2. Le lundi 27 janvier 2020, 10:25 par Philalèthe
Nombreux sont ceux désormais qui fabriquent la particularité qui saute aux yeux en vue de déterminer une fausse impression d'ensemble ! Plus que jamais, nous devons donc être tel l'entendement face aux formes peut-être délicieuses mais accidentelles de la cire !

jeudi 16 janvier 2020

Greguería n° 268

" Aprended a caer en silencio. Es una estrella y cae como una pluma."
" Apprenez à tomber en silence. C'est une étoile mais elle tombe comme une plume."

mercredi 15 janvier 2020

Greguería n° 267

" Hay unos hombres fracasados que han pasado a la categoría de inservibles, que son " hombres tachados " parangonables con los " precios tachados " de la propaganda liquidadora."
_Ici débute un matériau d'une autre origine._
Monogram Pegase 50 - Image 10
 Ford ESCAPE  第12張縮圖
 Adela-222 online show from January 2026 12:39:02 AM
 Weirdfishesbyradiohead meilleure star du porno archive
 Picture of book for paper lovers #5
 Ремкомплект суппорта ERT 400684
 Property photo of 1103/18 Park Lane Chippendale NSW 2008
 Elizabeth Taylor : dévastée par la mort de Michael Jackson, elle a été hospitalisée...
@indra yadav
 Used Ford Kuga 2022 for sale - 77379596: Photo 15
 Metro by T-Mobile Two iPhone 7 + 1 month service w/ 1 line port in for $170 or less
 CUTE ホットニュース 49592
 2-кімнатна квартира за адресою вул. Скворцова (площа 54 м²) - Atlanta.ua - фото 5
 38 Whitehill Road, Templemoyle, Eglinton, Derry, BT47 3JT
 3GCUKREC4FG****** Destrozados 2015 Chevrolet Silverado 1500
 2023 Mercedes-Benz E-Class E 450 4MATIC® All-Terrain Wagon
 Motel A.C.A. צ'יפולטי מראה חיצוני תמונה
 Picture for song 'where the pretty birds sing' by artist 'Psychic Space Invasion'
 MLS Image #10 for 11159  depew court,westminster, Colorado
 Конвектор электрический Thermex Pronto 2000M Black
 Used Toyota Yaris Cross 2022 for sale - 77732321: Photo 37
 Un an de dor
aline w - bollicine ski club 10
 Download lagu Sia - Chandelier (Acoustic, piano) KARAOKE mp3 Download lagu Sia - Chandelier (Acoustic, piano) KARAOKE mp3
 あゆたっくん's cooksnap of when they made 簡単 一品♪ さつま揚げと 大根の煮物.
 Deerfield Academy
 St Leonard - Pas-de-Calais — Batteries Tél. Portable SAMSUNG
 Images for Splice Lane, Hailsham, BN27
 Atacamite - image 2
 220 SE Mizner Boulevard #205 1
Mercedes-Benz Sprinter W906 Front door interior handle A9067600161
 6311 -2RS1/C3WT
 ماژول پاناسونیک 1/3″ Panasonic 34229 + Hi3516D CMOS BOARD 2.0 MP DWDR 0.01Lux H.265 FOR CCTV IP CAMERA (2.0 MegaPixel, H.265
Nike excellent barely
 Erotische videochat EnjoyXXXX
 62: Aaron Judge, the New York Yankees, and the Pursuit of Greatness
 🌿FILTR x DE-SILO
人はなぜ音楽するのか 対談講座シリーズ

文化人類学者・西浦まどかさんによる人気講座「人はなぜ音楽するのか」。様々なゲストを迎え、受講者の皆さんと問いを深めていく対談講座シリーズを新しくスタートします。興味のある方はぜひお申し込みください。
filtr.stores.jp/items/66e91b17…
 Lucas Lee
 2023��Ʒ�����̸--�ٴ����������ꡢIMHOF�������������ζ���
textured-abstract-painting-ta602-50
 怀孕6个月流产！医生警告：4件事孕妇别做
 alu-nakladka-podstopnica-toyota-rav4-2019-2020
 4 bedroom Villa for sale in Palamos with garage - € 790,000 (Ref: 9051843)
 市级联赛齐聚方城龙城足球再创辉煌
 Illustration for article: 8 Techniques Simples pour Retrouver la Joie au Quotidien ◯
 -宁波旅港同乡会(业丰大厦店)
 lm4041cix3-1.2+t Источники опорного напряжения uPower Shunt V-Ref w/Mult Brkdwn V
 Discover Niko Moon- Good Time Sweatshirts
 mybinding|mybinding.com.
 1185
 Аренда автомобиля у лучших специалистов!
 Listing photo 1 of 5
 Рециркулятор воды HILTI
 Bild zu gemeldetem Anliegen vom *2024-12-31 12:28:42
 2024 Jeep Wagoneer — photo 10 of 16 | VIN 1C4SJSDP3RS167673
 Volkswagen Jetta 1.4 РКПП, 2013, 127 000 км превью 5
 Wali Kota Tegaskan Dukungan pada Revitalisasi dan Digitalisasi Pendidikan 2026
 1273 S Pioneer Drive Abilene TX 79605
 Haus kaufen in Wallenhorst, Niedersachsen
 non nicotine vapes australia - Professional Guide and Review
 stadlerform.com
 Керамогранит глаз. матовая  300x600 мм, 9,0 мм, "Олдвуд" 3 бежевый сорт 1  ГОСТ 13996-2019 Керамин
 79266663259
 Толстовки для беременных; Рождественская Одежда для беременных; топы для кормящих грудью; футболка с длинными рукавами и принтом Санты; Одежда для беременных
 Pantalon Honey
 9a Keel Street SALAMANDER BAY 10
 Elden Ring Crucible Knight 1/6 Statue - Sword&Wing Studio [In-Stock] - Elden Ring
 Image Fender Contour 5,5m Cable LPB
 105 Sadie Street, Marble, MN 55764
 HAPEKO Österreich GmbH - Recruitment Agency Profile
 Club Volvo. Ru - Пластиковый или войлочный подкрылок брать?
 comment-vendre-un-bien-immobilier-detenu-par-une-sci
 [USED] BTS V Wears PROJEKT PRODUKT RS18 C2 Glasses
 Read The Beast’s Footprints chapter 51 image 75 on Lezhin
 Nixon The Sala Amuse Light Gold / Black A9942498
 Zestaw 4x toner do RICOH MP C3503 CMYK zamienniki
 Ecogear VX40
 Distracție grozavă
" Il y a des hommes coulés qui sont entrés dans la catégorie des inemployables : ce sont des " hommes barrés " comparables aux " prix barrés " de la publicité qui liquide."

mardi 14 janvier 2020

Greguería n° 266

" Cuando no hay mesa libre en el restaurante, todos nos miran como a seres inferiores a ellos, que tienen asiento y estan arregostados."
" Quand il n'y pas de table libre au restaurant, tous nous regardent comme des êtres inférieurs à eux, eux qui ont une place et sont paix et aise."

lundi 13 janvier 2020

Greguería n° 265

" Las primeras fresas se ve que aún no son aptos para el amor."
" Les premières fraises, on voit qu'elles ne sont pas encore bonnes pour l'amour."

dimanche 12 janvier 2020

Greguería n° 264

" El teatro es como el amor : nunca se sabe si es verdad o mentira."
" Le théâtre est comme l'amour : on ne sait jamais si c'est vérité ou mensonge."

Commentaires

1. Le jeudi 16 janvier 2020, 23:53 par gerardgrig
Le théâtre dont parle Ramón doit être le vaudeville espagnol, appelé la zarzuela. À égalité avec la blague de café, Ramón pratique le mot d'esprit du théâtre de boulevard. Sur scène, le trait d'esprit de cette gregueria serait d'autant plus drôle dans la bouche d'un comédien qui, en réalité, parlerait de lui-même en feignant de l'oublier. Ici, l'influence du trait d'esprit gaulois du boulevard est manifeste. Robert de Flers disait plutôt : la vertu, c'est comme la Bretagne, c'est beau mais c'est triste. Blague à part, le théâtre ne donne pas vraiment l'illusion de vérité, avec ses personnages qui gesticulent et crient sur scène pour qu'on les entende dans le fond de la salle. Paradoxalement, c'est le cinéma qui crée l'indécision entre la vérité et le mensonge. D'ailleurs, dans la réalité, nos d'histoires d'amour ne font que rejouer des scènes vues au cinéma.

samedi 11 janvier 2020

Greguería n° 263

" Las estrellas están tan deslumbradas por su luz, que no pueden verse a otras."
" Les étoiles sont si éblouies par leur propre lumière qu'elles ne peuvent pas se voir les unes les autres."